Enfin une bonne nouvelle sur le front de l'inflation qui a baissé dans la zone euro en novembre pour la première fois depuis un an et demi, mais à 10% sur un an elle reste préoccupante et le retournement de tendance est incertain.
Le taux d'inflation a reculé à 10% en novembre en glissement annuel, contre 10,6% en octobre pour les 19 pays partageant la monnaie unique, soit la première baisse depuis juin 2021 grâce une accalmie sur les tarifs du gaz et du pétrole, a annoncé mercredi Eurostat.
Tirée par les prix de l'énergie et de l'alimentation, l'inflation avait atteint chaque mois un plus haut niveau historique depuis novembre 2021. La situation s'était aggravée depuis le printemps avec les perturbations des marchés liées à la guerre en Ukraine.
La baisse constatée en novembre est plus forte que ce qu'avaient prévu les analystes de Bloomberg et Factset qui tablaient sur une inflation à 10,4%.
Le ralentissement de la hausse des prix a surtout concerné l'énergie dont les tarifs plafonnent à très haut niveau. Cette composante de l'indice a progressé de 34,9% en glissement annuel, après 41,5% en octobre.
La flambée des prix de l'alimentation (y compris alcool et tabac) a cependant continué à s'accélérer à 13,6%, en progression de 0,5 point par rapport au mois précédent.
La hausse des prix dans l'industrie est restée stable à 6,1% sur un an en novembre, tandis qu'elle s'est légèrement ralentie dans les services à 4,2% (-0,1 point).
Au sein de la zone euro, l'Espagne a détrôné la France pour le taux d'inflation le plus faible à 6,6% sur un an, contre 7,1% dans l'Hexagone, d'après les données harmonisées d'Eurostat. La hausse des prix à la consommation a légèrement reculé en Allemagne à 11,3% (-0,3 point) et en Italie à 12,5% (-0,1 point).

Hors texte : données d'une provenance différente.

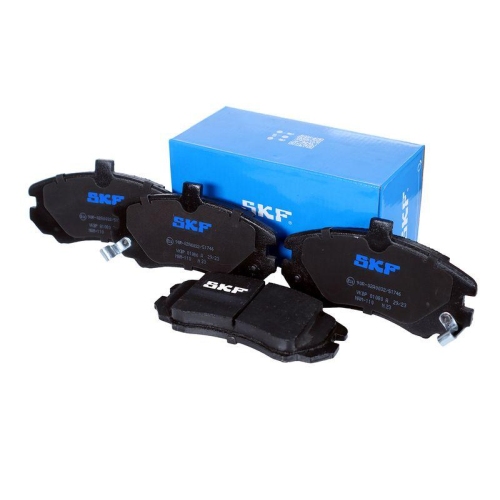 SKF Bremsbelagsatz, Scheibenbremse VKBP 81080 A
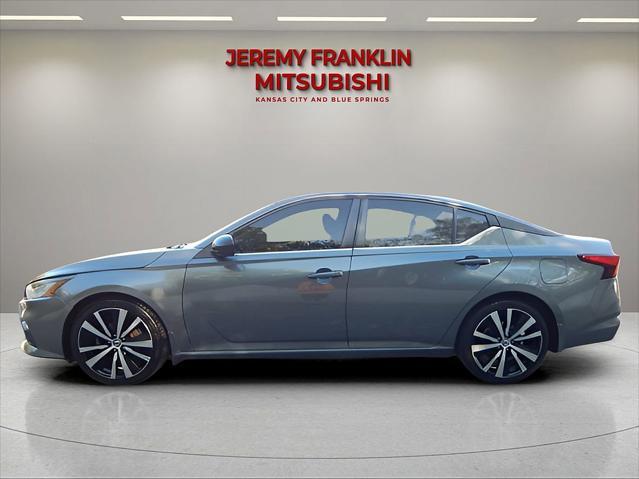 used 2020 Nissan Altima car, priced at $16,811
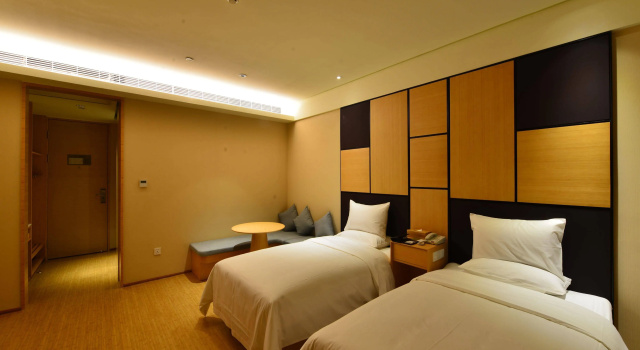 Ji Hotel Shanghai Jiading Qinghe Road, Varaa Hotelli Jiading Shanghai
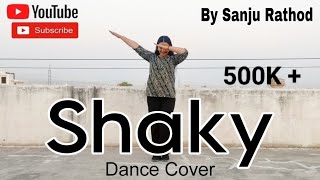 Shaky Song Dance Cover Sanju Rathod Isha Malviya Marathi Song Dance To Heal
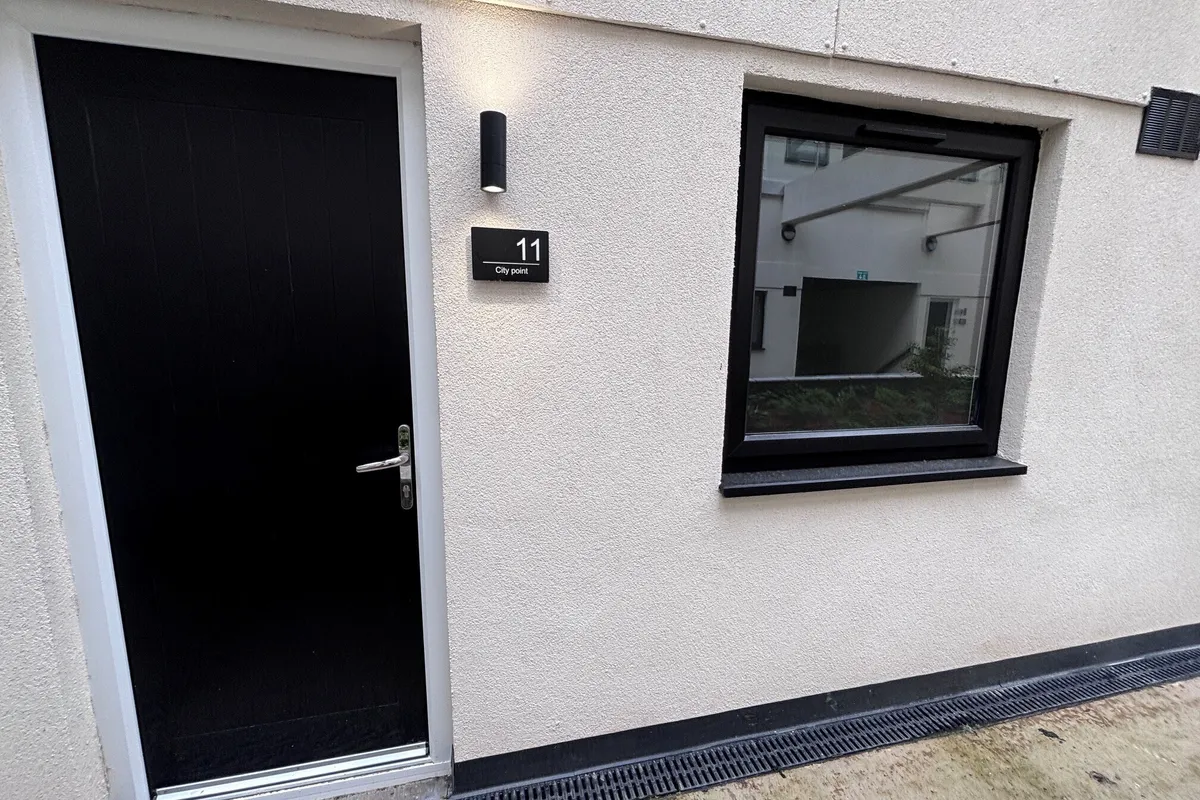 Flat Prospect Street in Hull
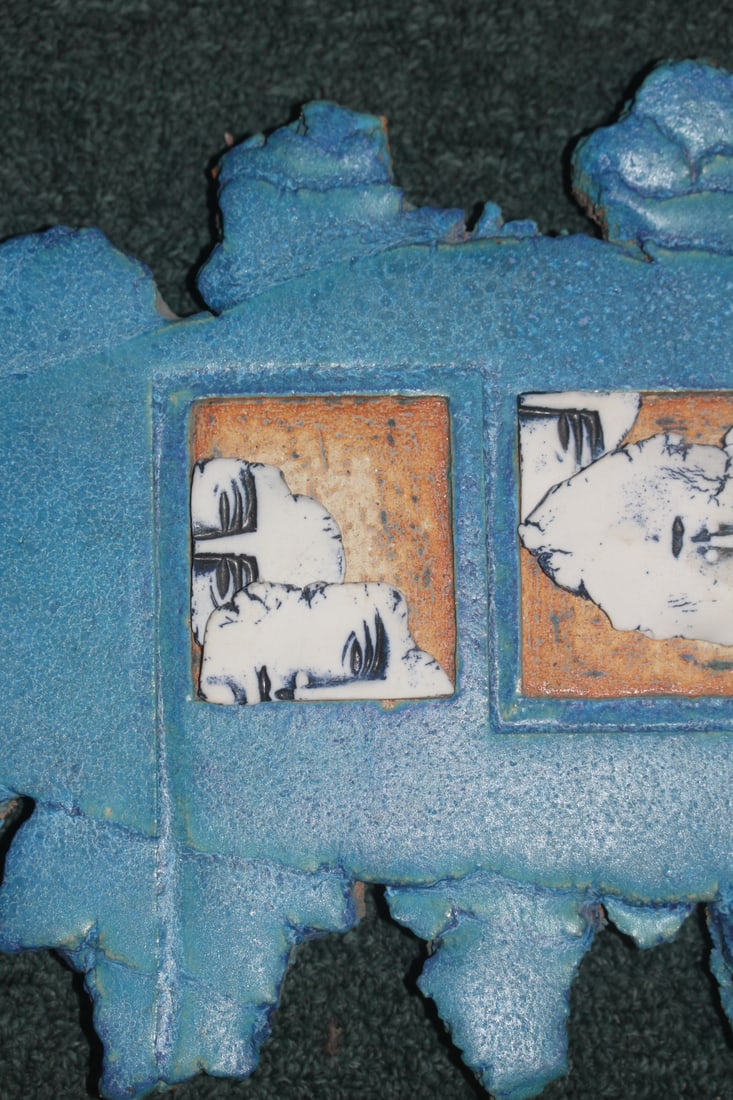 Signed 3D Wallhanger - 4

Le recul de l'inflation en novembre devrait alléger la pression sur la Banque centrale européenne (BCE), engagée dans un mouvement de hausse des taux.

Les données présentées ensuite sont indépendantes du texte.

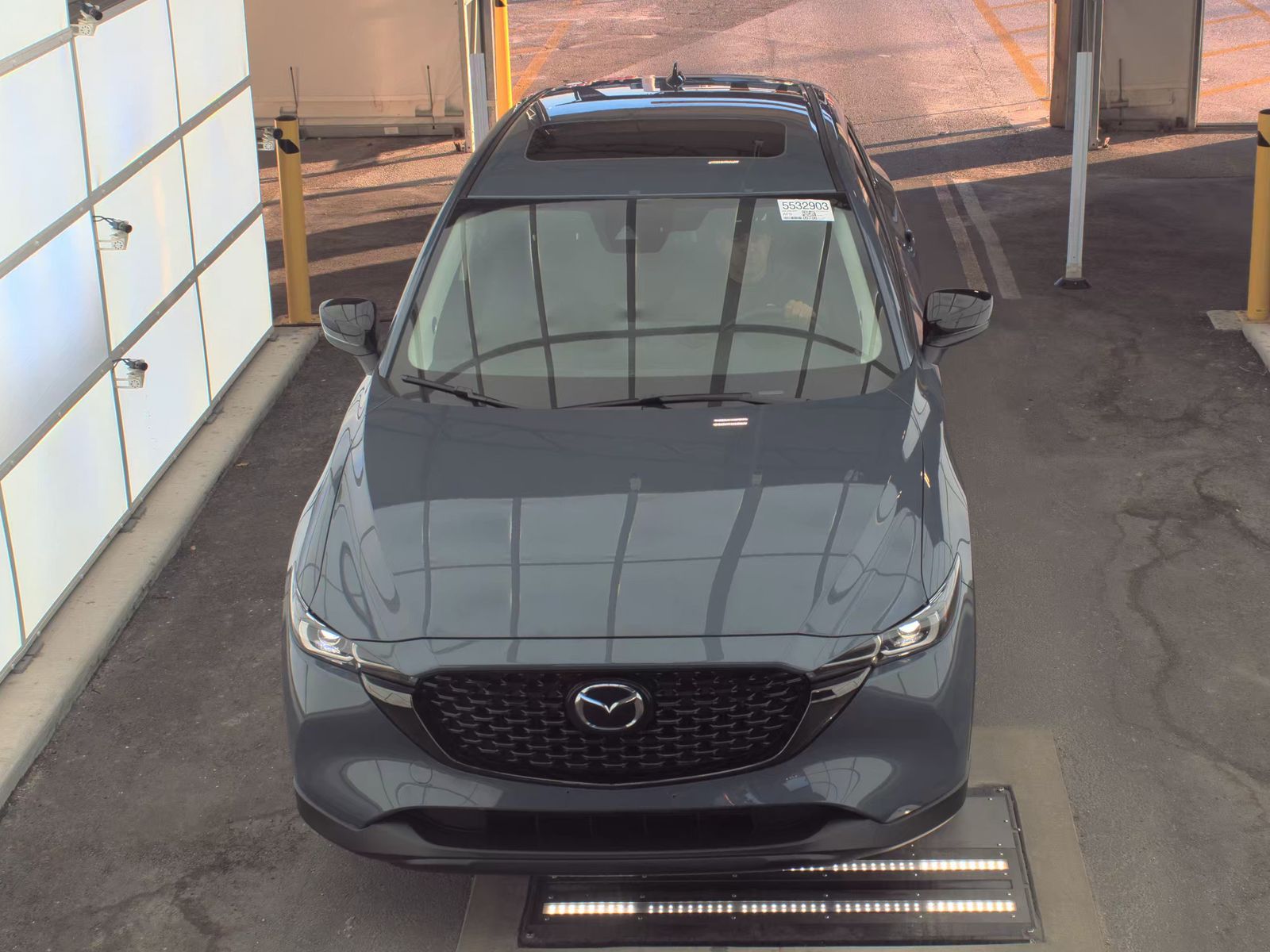 2025 MAZDA CX-5 2.5 S Carbon Edition AWD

Mais la présidente de la BCE, Christine Lagarde, a souligné lundi qu'elle serait "surprise" si l'inflation avait atteint son pic en octobre, suggérant qu'elle risquait donc de continuer à augmenter ces prochains mois et que le resserrement monétaire en cours allait se poursuivre.
Le taux observé sur un an reste de toute façon encore très au-dessus de l'objectif de 2% fixé par la BCE.
"J'aimerais voir l'inflation avoir culminé en octobre mais je pense qu'il y a trop d'incertitude" pour supposer que c'est le cas, a déclaré Mme Lagarde lors d'une audition devant le Parlement européen.
"On est encore loin d'être sorti d'affaire", a également estimé mercredi Bert Colijn, économiste de la Banque ING.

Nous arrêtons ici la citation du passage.